(WHAT NEEDS TO BE DONE):
Below are some records; quote exactly the lines from the one that contains "RED PINE CHALETS CONDO - Residential" through the one that contains "888 Oyster CRK, Buda, TX 78610", inclusive, and no others.

(DATASET RECORDS):

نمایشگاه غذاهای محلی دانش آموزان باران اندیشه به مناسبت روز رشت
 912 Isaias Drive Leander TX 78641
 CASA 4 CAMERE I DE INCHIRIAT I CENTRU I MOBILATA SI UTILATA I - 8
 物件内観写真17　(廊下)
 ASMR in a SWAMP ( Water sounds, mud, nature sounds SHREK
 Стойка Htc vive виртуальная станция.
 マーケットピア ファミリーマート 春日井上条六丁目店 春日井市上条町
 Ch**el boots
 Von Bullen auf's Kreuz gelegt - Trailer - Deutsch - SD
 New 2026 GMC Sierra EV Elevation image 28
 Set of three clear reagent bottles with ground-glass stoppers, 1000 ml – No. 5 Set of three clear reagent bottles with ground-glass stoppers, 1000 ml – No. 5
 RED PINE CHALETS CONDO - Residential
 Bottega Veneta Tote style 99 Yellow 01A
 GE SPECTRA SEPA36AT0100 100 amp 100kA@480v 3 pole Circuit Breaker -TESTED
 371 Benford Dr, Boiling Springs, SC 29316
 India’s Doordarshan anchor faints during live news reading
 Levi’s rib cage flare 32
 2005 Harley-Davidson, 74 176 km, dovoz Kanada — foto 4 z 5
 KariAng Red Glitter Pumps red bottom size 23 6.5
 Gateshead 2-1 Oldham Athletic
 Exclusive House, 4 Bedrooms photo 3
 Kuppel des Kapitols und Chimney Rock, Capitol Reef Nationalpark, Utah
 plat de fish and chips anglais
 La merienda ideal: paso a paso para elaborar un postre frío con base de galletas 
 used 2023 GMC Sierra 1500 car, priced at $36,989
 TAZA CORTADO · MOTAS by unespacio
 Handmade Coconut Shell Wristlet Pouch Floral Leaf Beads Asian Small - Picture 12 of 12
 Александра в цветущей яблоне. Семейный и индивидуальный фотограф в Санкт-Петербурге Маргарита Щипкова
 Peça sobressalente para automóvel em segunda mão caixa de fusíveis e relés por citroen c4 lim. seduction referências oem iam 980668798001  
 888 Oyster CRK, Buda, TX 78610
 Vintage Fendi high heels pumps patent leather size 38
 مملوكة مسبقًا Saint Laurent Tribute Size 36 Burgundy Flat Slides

(SOLUTION):
 RED PINE CHALETS CONDO - Residential
 Bottega Veneta Tote style 99 Yellow 01A
 GE SPECTRA SEPA36AT0100 100 amp 100kA@480v 3 pole Circuit Breaker -TESTED
 371 Benford Dr, Boiling Springs, SC 29316
 India’s Doordarshan anchor faints during live news reading
 Levi’s rib cage flare 32
 2005 Harley-Davidson, 74 176 km, dovoz Kanada — foto 4 z 5
 KariAng Red Glitter Pumps red bottom size 23 6.5
 Gateshead 2-1 Oldham Athletic
 Exclusive House, 4 Bedrooms photo 3
 Kuppel des Kapitols und Chimney Rock, Capitol Reef Nationalpark, Utah
 plat de fish and chips anglais
 La merienda ideal: paso a paso para elaborar un postre frío con base de galletas 
 used 2023 GMC Sierra 1500 car, priced at $36,989
 TAZA CORTADO · MOTAS by unespacio
 Handmade Coconut Shell Wristlet Pouch Floral Leaf Beads Asian Small - Picture 12 of 12
 Александра в цветущей яблоне. Семейный и индивидуальный фотограф в Санкт-Петербурге Маргарита Щипкова
 Peça sobressalente para automóvel em segunda mão caixa de fusíveis e relés por citroen c4 lim. seduction referências oem iam 980668798001  
 888 Oyster CRK, Buda, TX 78610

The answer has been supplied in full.